The newly released figures from the Halifax, based on its own mortgage lending statistics, also reveal that house prices in the second quarter of this year were 0.2% lower than the previous quarter, which is the worst quarterly performance in almost five years.
“There was a time when four falls in a row would have set alarm bells ringing. But so far all the indications are that the market is seeing a cooling rather than a correction,” said Jonathan Hopper, managing director of Garrington Property Finders.
“The speed of price growth has slowed substantially, and at a national level average prices are still flatlining rather than falling,” he added.
Despite the recent slowdown, Halifax, which is owned by Lloyds Banking Group, said home price growth was still underpinned by low mortgage rates and a shortage of homes for sale.
In fact, property prices actually showed signs of improvement last month, posting their best monthly rise of the year, according to Halifax.
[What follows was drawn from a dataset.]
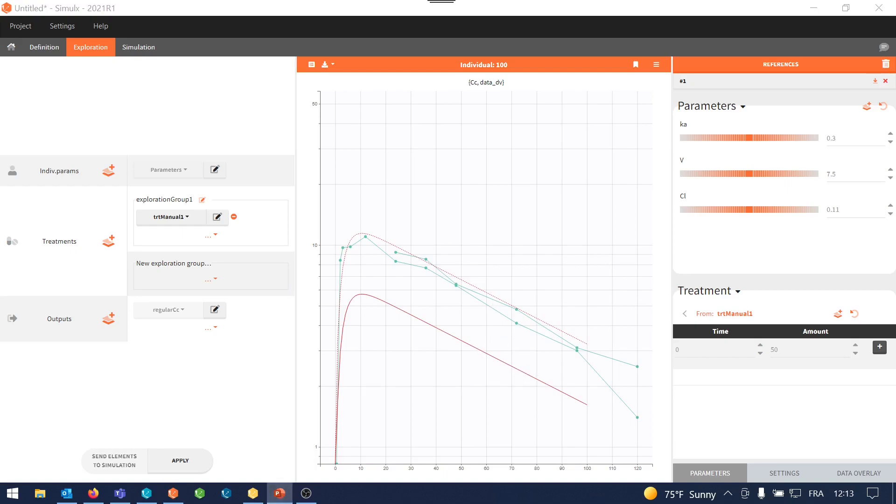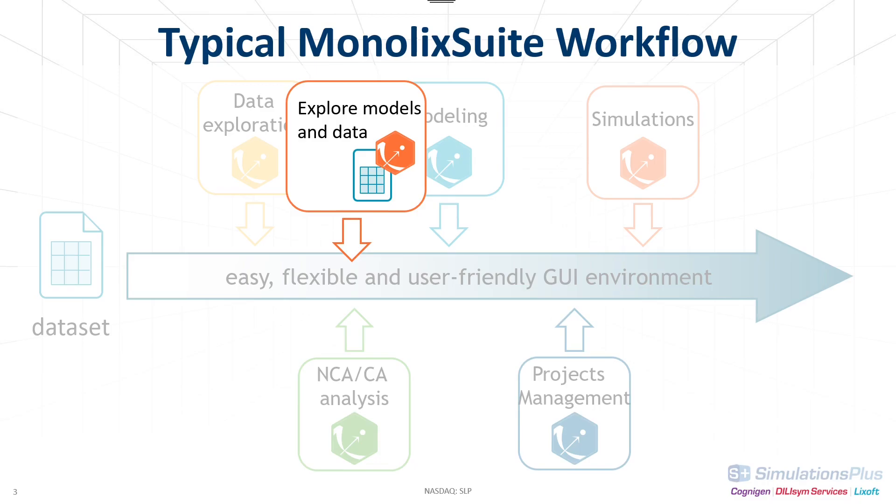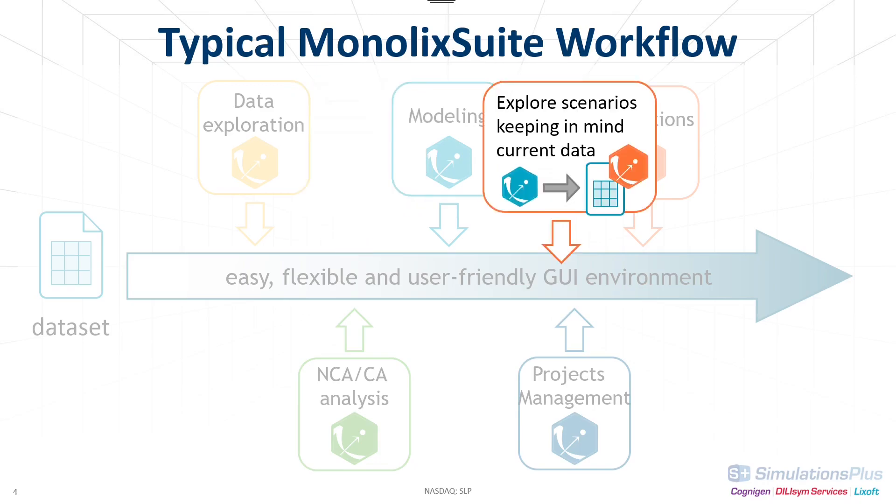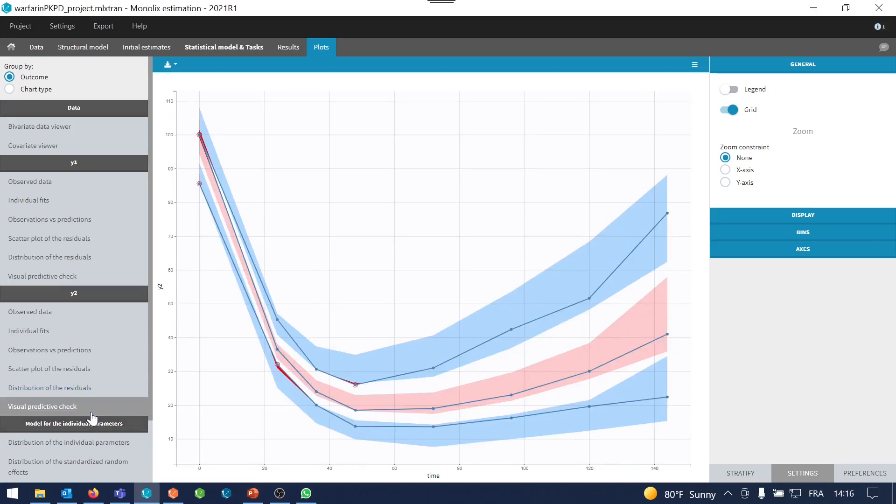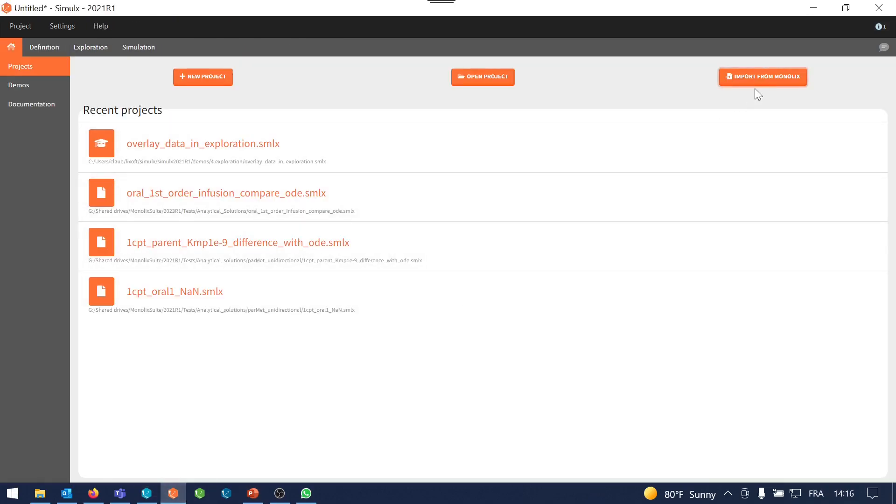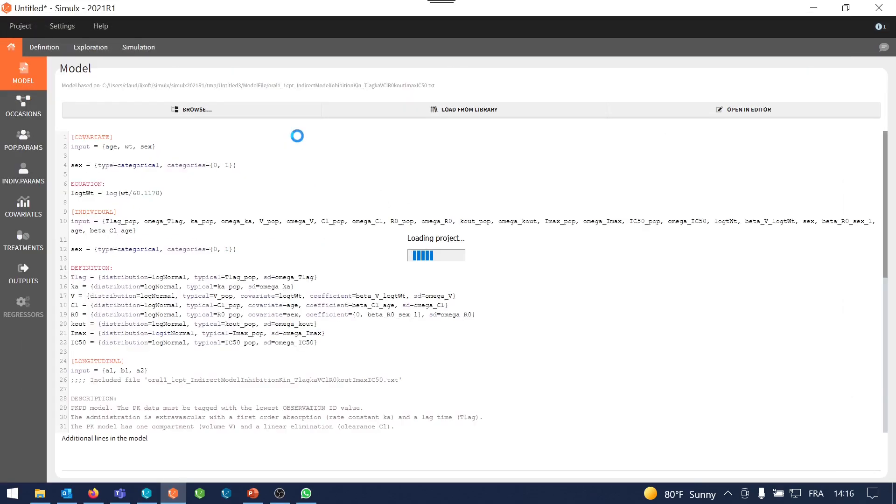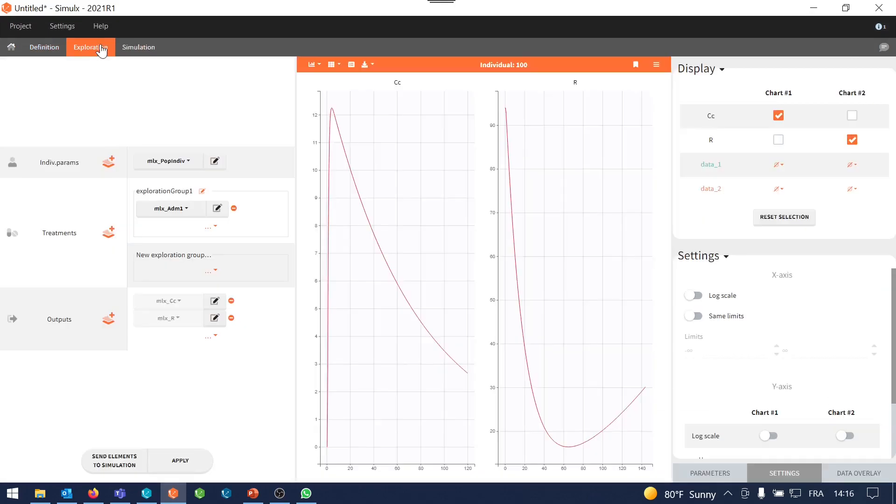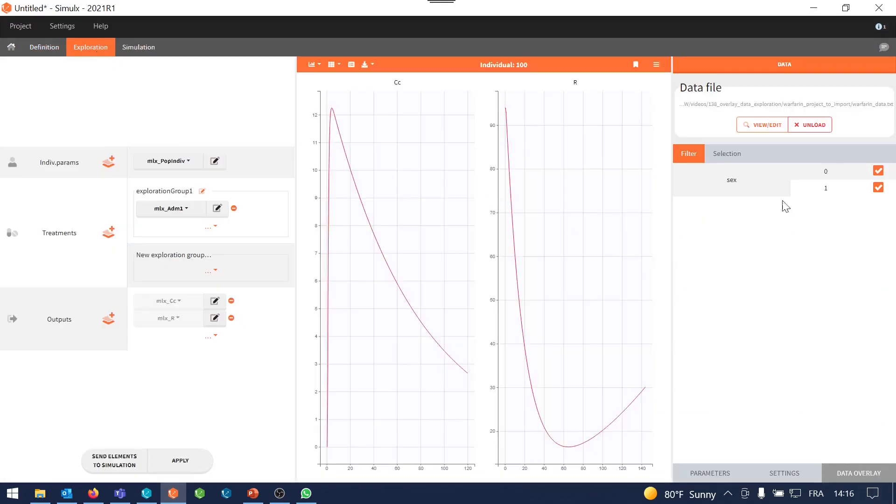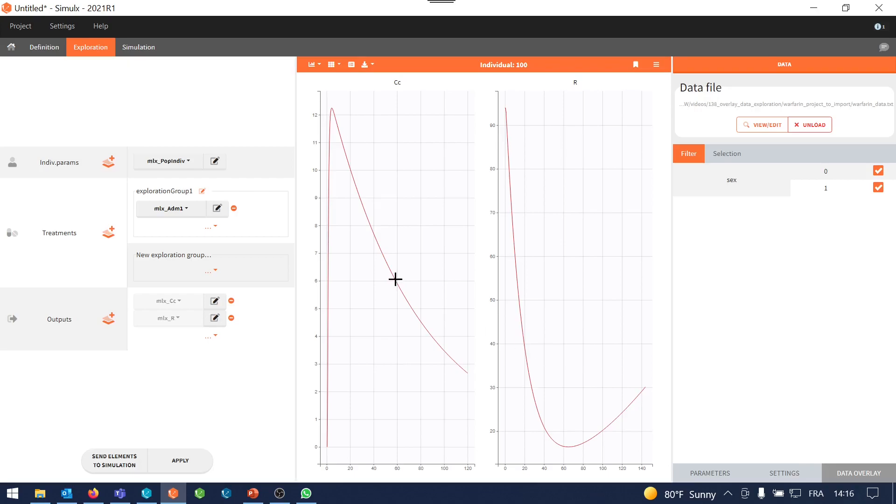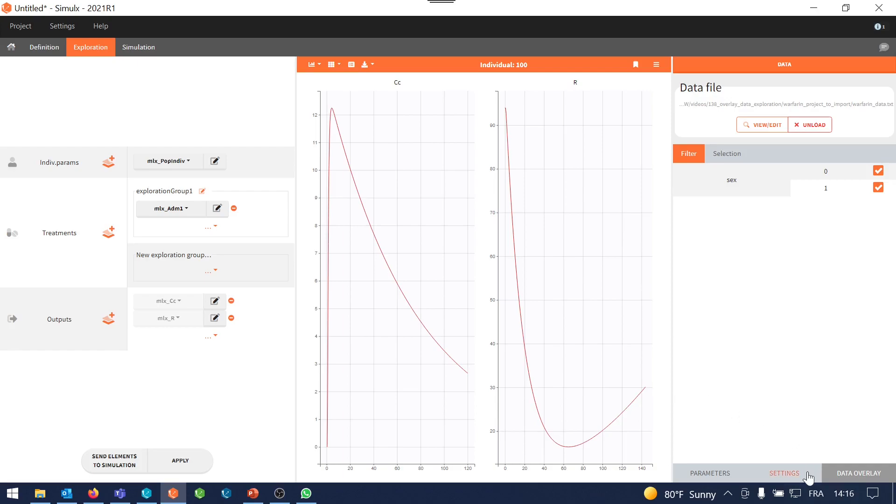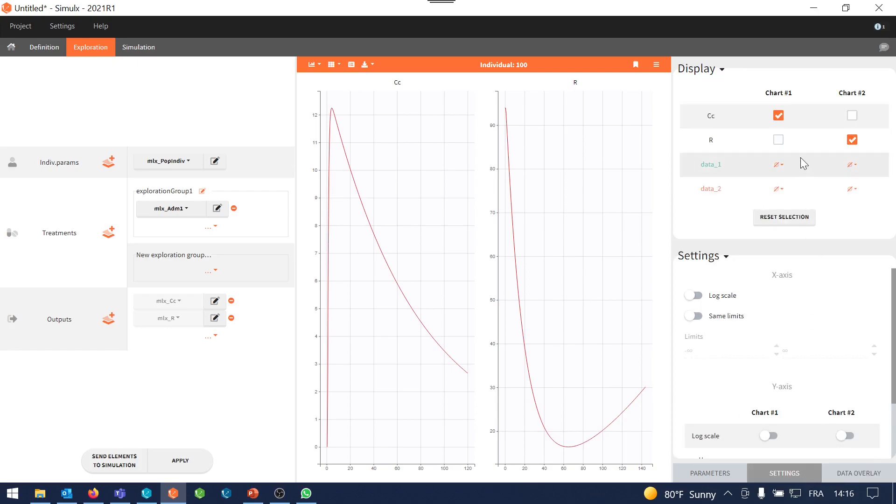So we are going to move to the second case. So imagine now that you have developed a model in Monolix and you want to explore new scenarios with this model. I have a Monolix project with a good model for the warfarin PK and PD data. Let me import it into Simulix. When I import it into Simulix, the original data is already loaded here in the data overlay section.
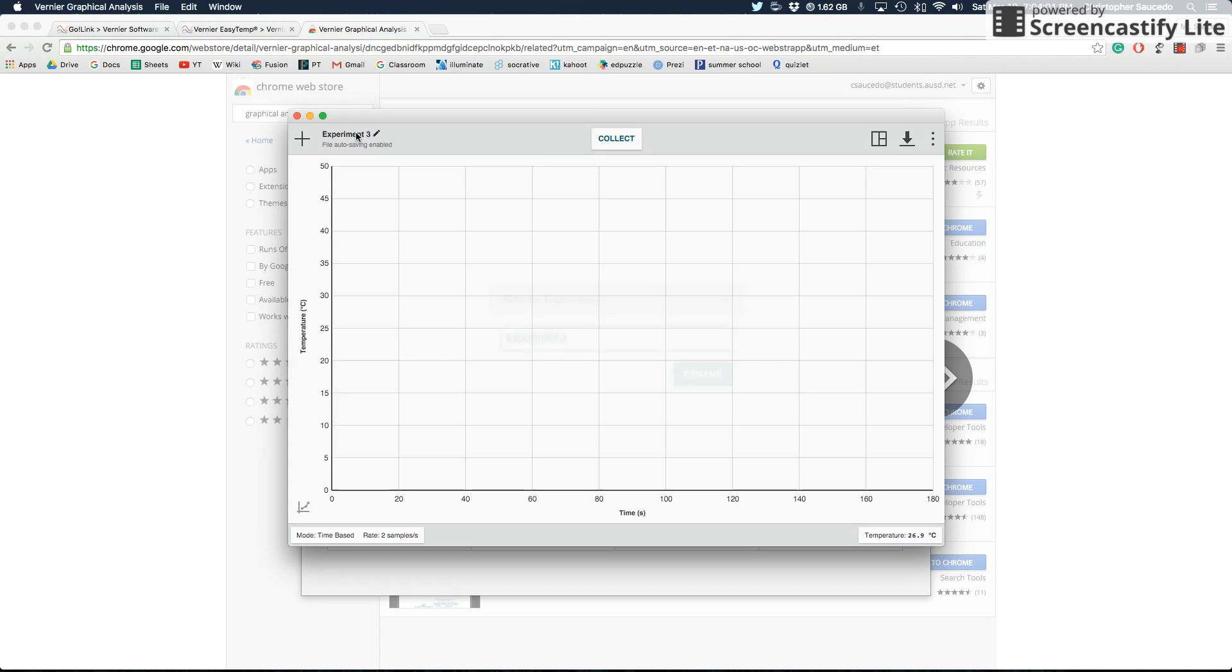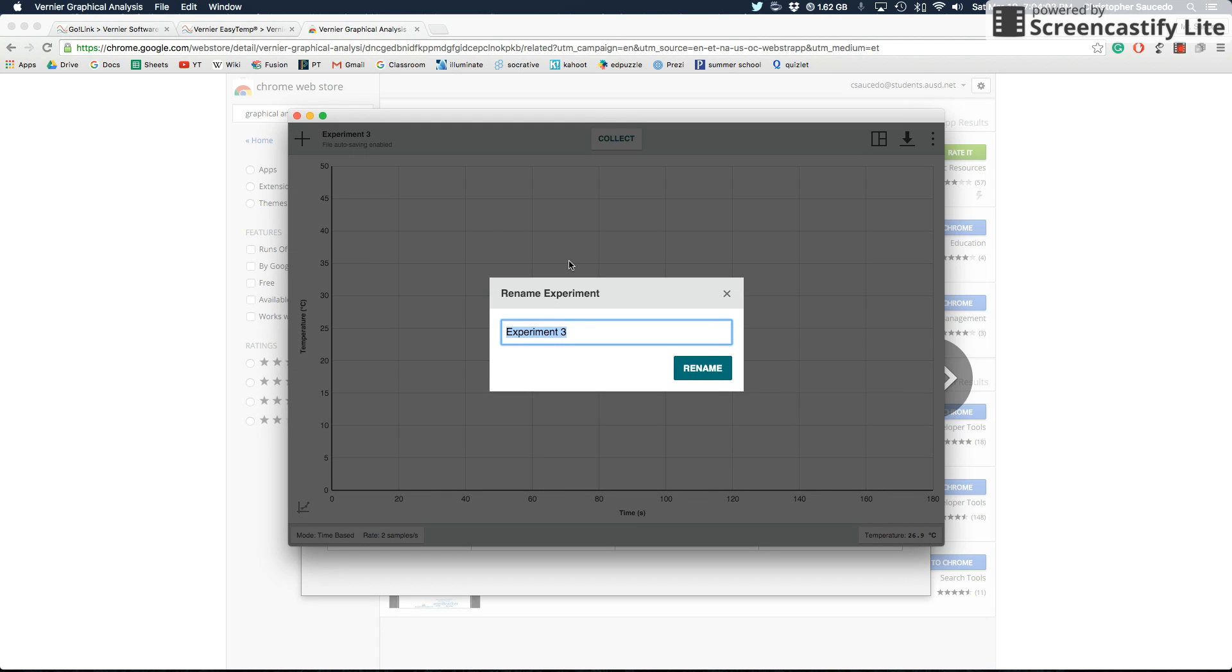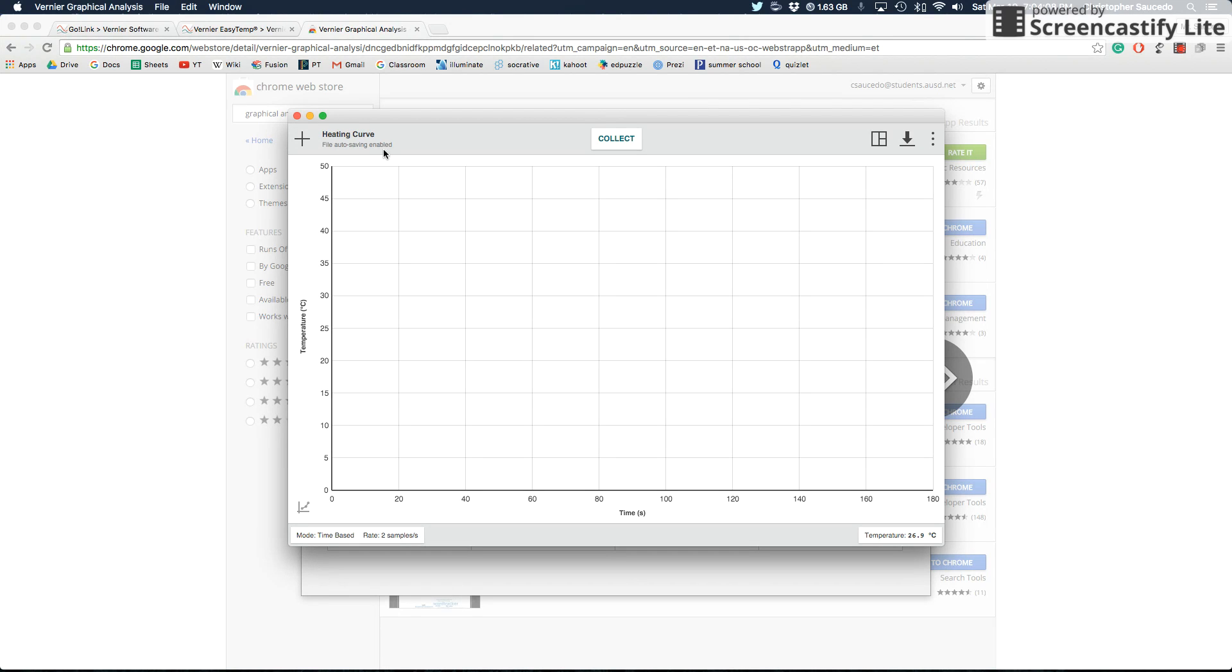Where it says experiment three up here, you can rename that anything. So let's pretend like we're making a heating curve or something. I'll rename this heating curve. And then down here at the bottom, you'll see a couple of different icons.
UK house prices rose 0.4% in July after a 0.9% contraction in the previous month, the mortgage lender said.
The average price of a British home is £219,266, according to the index.
Ishaan Malhi, CEO and founder of online mortgage broker Trussle, said: “On the face of it there seems to have been a slight dip in house prices during Q2 as buyers’ income continued to be squeezed, while the election will have also put some people off making big purchases. Prices are however back on the rise again now, perhaps because inflation has put less pressure on people’s pockets during the last couple of months.
“This will come as good news to current homeowners who should be thinking about making the most of low interest rates to lock in a competitive mortgage deal, particularly for the record number that will be seeing their initial term come to an end in September and October.
“Rising house prices are of course a less rosy prospect for those still hoping to buy. Thankfully they’re not grow as fast as wages, which will help those saving for a deposit.”